◆ **TASK DETAILS**
The material below has pictures in it. Set down only the lines from the line containing "POWER TEAM ACADEMY" through the line containing "X0000114160058200910221617", word for word, and leave the pictures behind.

◆ **SUPPLIED MATERIAL**
Content starts

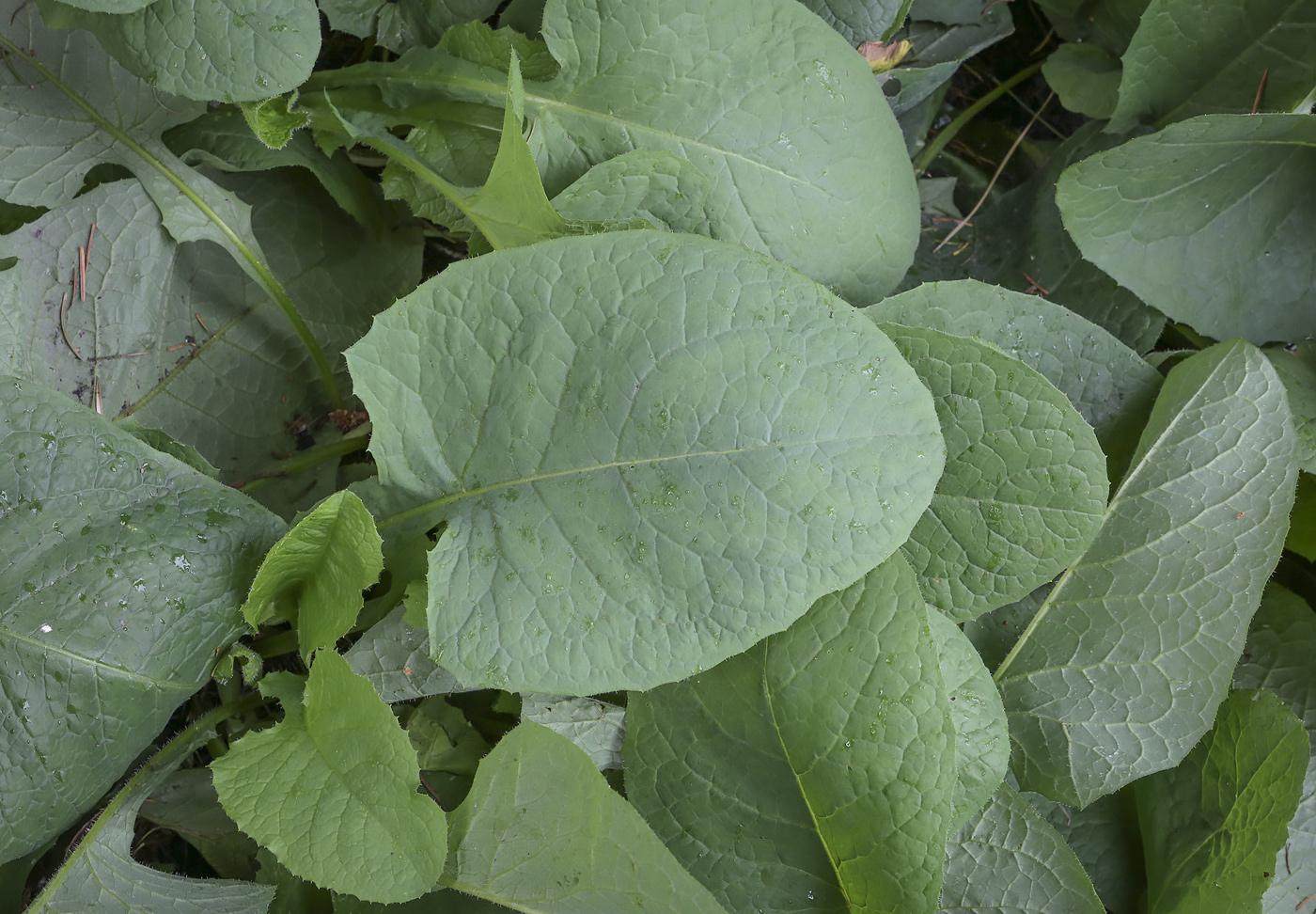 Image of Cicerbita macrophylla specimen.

Content ends
Content starts

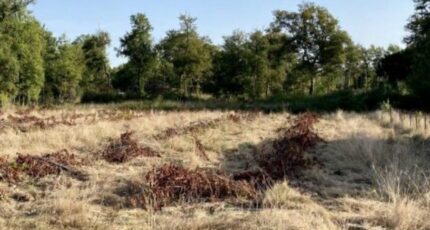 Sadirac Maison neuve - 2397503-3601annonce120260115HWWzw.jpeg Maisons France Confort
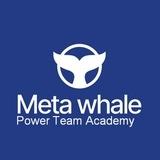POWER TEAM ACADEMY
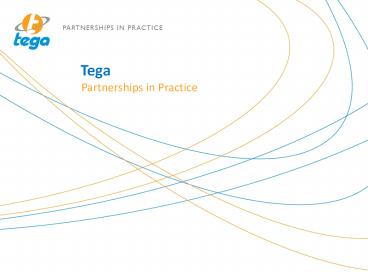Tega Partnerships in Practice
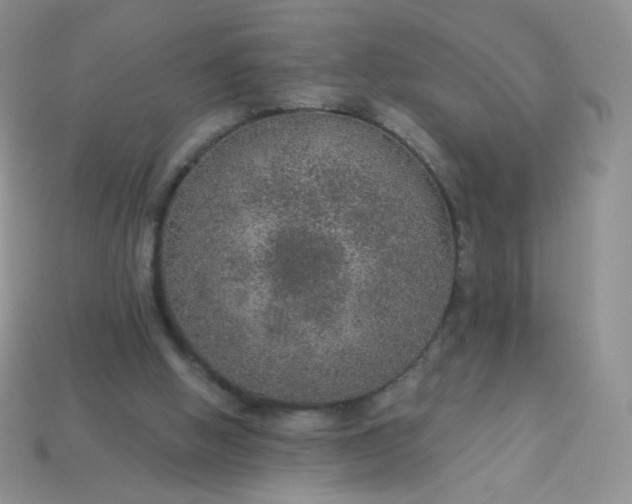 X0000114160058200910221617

Content ends
Content starts

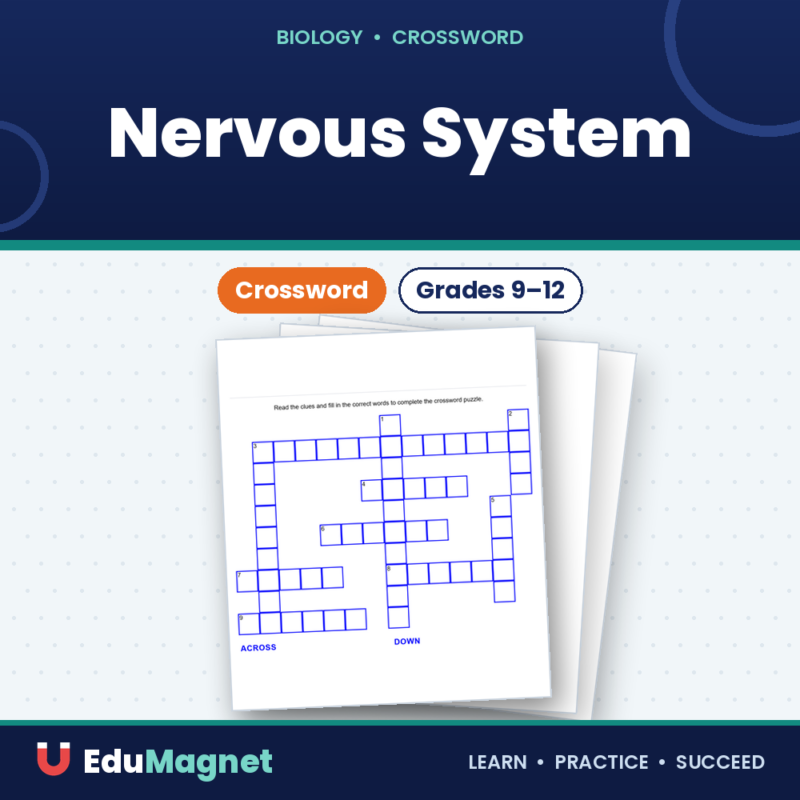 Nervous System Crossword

Content ends

◆ **REPLY TO THE TASK**
POWER TEAM ACADEMY
Tega Partnerships in Practice
 X0000114160058200910221617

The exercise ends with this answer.